4. In de laatste fase wordt het plan uitgevoerd. Tijdens en na de uitvoering vindt reflectie plaats. Vanuit de ervaring in deze fase kunnen aanpassingen worden gedaan. Vervolgens start de cyclus opnieuw. Tijdens de evaluatie wordt bepaald welke onderdelen van het plan lijken te werken. Deze punten worden vastgehouden en / of uitgebreid. Wat niet werkt, zal opnieuw moeten worden bekeken. Hierbij start automatisch de eerste fase in de cyclus van het handelingsgericht werken.
Deel 3: Aanpak uitdagend gedrag (Hfst. 4, 5, 6, 7)
Het kan een uitdaging zijn om er bij pientere peuters en kleuters achter te komen waarom ze ongewenst gedrag vertonen.
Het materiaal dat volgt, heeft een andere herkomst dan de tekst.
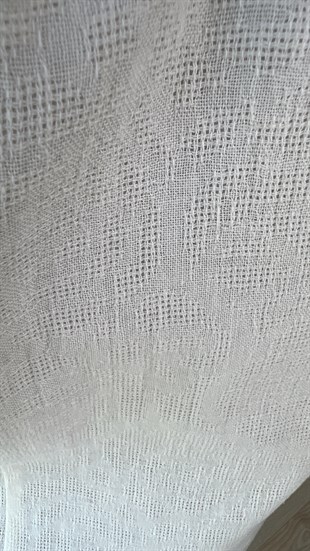 Orijinal Marka Astarlı Ekru Elbise 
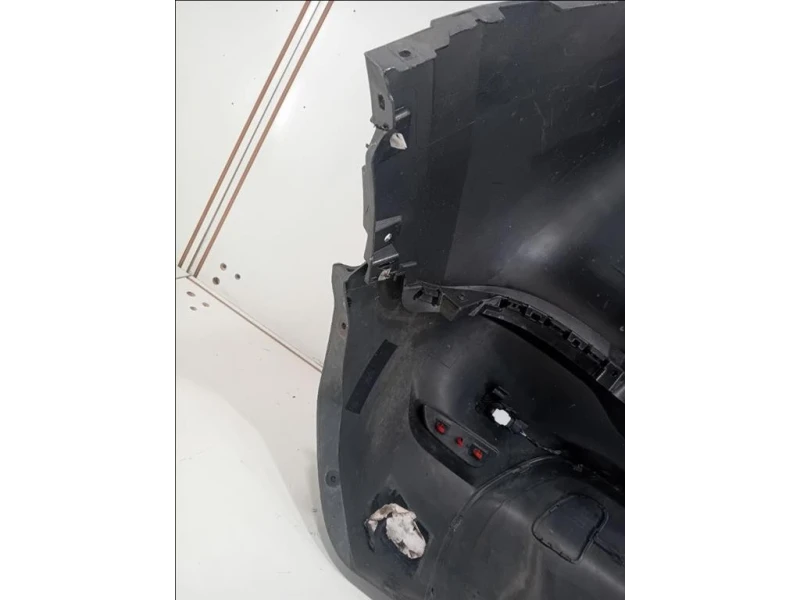 Paraurti POST PARAURTI POST Opel Crossland X 2017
Het vraagt een andere manier van kijken van de professional om deze kinderen de juiste begeleiding te kunnen bieden. Kennis van de ontwikkelingsvoorsprong is de eerste vereiste om te kijken wat er mogelijk achter het ongewenste gedrag zit.
Door te kijken vanuit ‘De Pientere Blik’ ga je op zoek naar de redenen waarom het kind dit gedrag laat zien. De werkwijze van De Pientere Blik bestaat uit een vijftal elementen:
- Gedrag; Welk ongewenst gedrag is zichtbaar? (Bijv. slaan, of huilen)
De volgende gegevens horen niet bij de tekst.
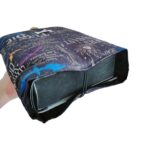 Cristina y Alejandra. Funda literaria adaptable Alas de sangre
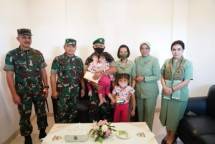 KASAD Jenderal TNI Dudung Abdurachman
- Motivatie; Welk voordeel levert het ongewenste gedrag op? (Bijv. aandacht, materiaal)
- Uitlokkers; Welke prikkels of omstandigheden zetten dit gedrag in gang? (Bijv. saai, of makkelijk)
- Situatie; In welke situatie laat het gedrag zich zien? (Bijv. in de kring, of tijdens het samenwerken)
- Gevolg; Welke reacties levert het gedrag op? (Bijv. zin krijgen, of ergens onderuit komen)
De structuur van De Pientere Blik leent zich om te komen tot een passend plan van gedragsverandering. In elke fase is het mogelijk om verandering aan te brengen, waardoor gewenst gedrag bevorderd wordt. Diverse bijlagen, zoals die van De Pientere Blik, zijn achterin het boek opgenomen.
Er zijn verschillende gedragingen die kenmerkend zijn voor pientere peuters en kleuters. Te denken valt aan:
- Agressief gedrag zoals bijten, duwen en schoppen
- Bepalend gedrag; ze nemen de leiding en vertellen anderen wat ze moeten doen. Dit kan tot conflicten leiden
- De lat hoog leggen; omdat dit kind vrijwel alles in één keer kan, neemt het met minder geen genoegen en legt de lat voor zichzelf (soms onhaalbaar) hoog
- Dromerig of afwezig gedrag omdat het kind niet wordt uitgedaagd
Recensie
Niet eerder las ik een boek over pientere peuters en kleuters dat zo compleet is. Het boek staat vol voorbeelden en vaak herkenbare situaties. Professionals die dit boek lezen zullen bij veel casussen en toelichtingen denken “Hé, dat doet kind X ook”, of “Dat herken ik bij kind Y”. En dat is uiteraard één van de doelstellingen van dit boek. Door signalen te herkennen en de tips toe te passen wordt de ontwikkeling van deze kinderen gestimuleerd. Wanneer je de leeromgeving voor deze kinderen al vroeg interessant maakt en houdt voor deze kinderen, valt veel leed te besparen op latere leeftijd.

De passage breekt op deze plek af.